What I need, are ideas for a charity to which I should donate. Originally this was meant to go to children, so a children’s charity of some kind would be ideal, but I’m open to any suggestions. And now…for “Assignment America” – I need at least 5 suggestions before I post again….so get on it.

Saturday, March 03, 2007

Monthly Newsletter #5

Dear Landon,

Every month I take a picture of you specifically for this newsletter and every month I look back at the old ones and I think “Hey, who switched my kid?” You look nothing like any of your pictures from months past. And it’s then that I realize I haven’t been taking you in for professional pictures like other people do. I am going to do my best to have it done for your 6 month picture though. So, quit hounding me about it.

This month has been all about teeth. Teeth and hickeys. It seems that you have no interest whatsoever in your teething ring, it’s much easier and probably more fun to chew on people. Thank goodness I don’t wear a lot of sleeveless shirts out in public, I look like a 16 year old who went necking at make-out point. It doesn’t necessarily have to be people, it can be whatever is handy, like the floater thing in the pool.

Or the dashboard of your car swing. Your dad doesn’t care for the stickers that came with the car, so it looks a little naked right now, but he’s got some ideas he’s kicking around, never fear. (Apparently girls can have princess stickers, but boys are left to advertise for Lowe’s.)

You’ve spent this month staying during the day with Linda and Noah. You and Noah have developed a kind of screaming conversational pattern. You seem to understand each other, in the way that they say twins have their own language. Which is good, because no one else can understand either of you, so at least you have each other.

Your first foray into swimming was the hot tub. We kept the heat kind of low and stuck you in your floaty thing. You had wide eyed shock at first, but once you figured out that everything was nice and cozy in there and that you could lean forward and suck on the float, you were perfectly happy. When Noah came over, we let him use your float, as you were getting a bit tired of it, and you had a wonderful time staring at the bubbles coming up all around us. I can’t wait until it warms up and we can get you out in the main pool kicking around. Noah has the same car float we’re going to get you, so you two can have screamin’ bumper car fun this summer.
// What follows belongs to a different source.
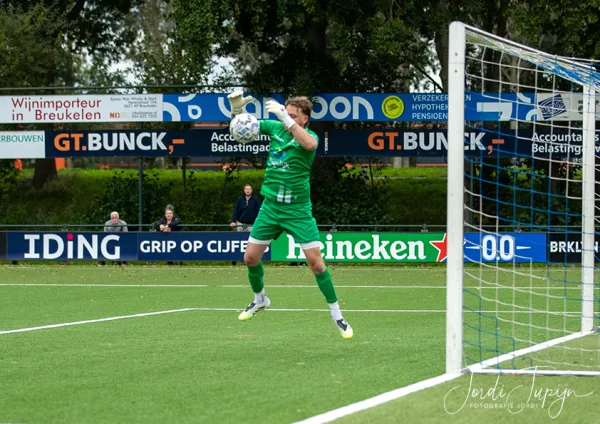 Fc Breukelen - sv Parkhout (4-2) – foto 79 van 95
P.S. We have one more month before you start solid foods, do you think you could work on that sitting up thing? Thanks.

Friday, March 02, 2007

My sincere apologies

Dear Irish Mob,

I am so sorry I neglected the Shamrock Socks in my quest to find a reason to keep the giant footwear hung by my chimney with care. Please forgive me, as I always viewed St. Patrick’s Day as a “Kiss me, I’m Irish” button wearing holiday, and less of a gift giving holiday. Maybe my lack of stockings has kept me from receiving my pot of gold. I sincerely did not intend to anger you. Target has pretty much trained me which upcoming holiday deserves my focus and their decorations tell me that Easter is next. Although now that you mention it, they do have a small green area to the side of all the pastels. Fearing that my pot of gold would not fit in them (as I am now expecting a pot of gold equal to the total of the 27 years I have been skipped over plus this normal one), I put the stockings away this week. The Mystical Leprechaun is welcome to place my pot of gold anywhere he finds space in the living room. Please don’t have me whacked.